Imaging The Gut With "Clarity"

CLARITY (Clear Lipid-exchanged Acrylamide-hybridized Rigid Imaging compatible Tissue hYdrogel) has recently evolved as a valuable technique involving acrylamide embedding to delipidate tissue (without sectioning) and to preserve the 3-D tissue structure for immunostaining. The technique is highly relevant in imaging the dynamic gut environment where different cell types interact during homeostasis and disease states.
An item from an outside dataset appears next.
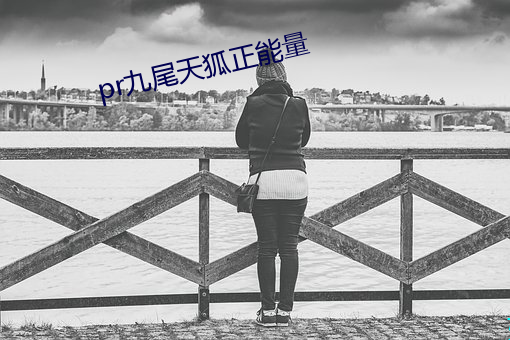 pr九尾天狐正能量 （胳膊腕子��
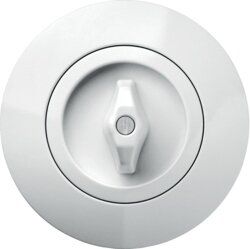 Berker 1647 Zentralstück mit Knebel, Serie 1930, polarweiß glänzend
This method optimized for the mouse gut is described here, which helps to trace cell types like epithelia, enteroendocrine, neurons, glia, and the neuronal projections into the epithelia or enteroendocrine cells that mediate microbial sensing or nutrient chemo sensing respectively. The gut tissue (1-1.5 cm) is fixed in 4% paraformaldehyde (PFA) in phosphate buffered saline (PBS) at 4 degrees C overnight on day 1. On day 2, PFA is discarded, and the tissue is washed thrice with PBS. The tissue is hydrogel embedded to preserve its integrity by incubation in 4% hydrogel (acrylamide) solution in PBS (diluted from 30% ProtoGel) overnight at 4 degrees C. On day 3, the tissue-hydrogel solution is incubated at 37 degrees C for 1 h to allow hydrogel polymerization. Tissue is then washed thrice gently with PBS to remove excess hydrogel. The subsequent step of delipidation (clearing) involves tissue incubation in sodium dodecyl sulfate (8% SDS in PBS) at 37 degrees C for 2 days (days 4 & 5) on a shaker at room temperature (RT). On day 6, the cleared tissue is thoroughly washed with PBS to remove SDS. Tissue can be immunostained by incubation in primary antibodies (diluted in 0.5% normal donkey serum in PBS containing 0.3% Triton X-100), overnight at 4 degrees C, and subsequent incubation in appropriate secondary Alexa Fluor antibodies for 1.5 h at RT, and nuclear staining with DAPI (1: 10000). The tissue is transferred onto a clean glass slide and mounted using VectaShield for confocal imaging.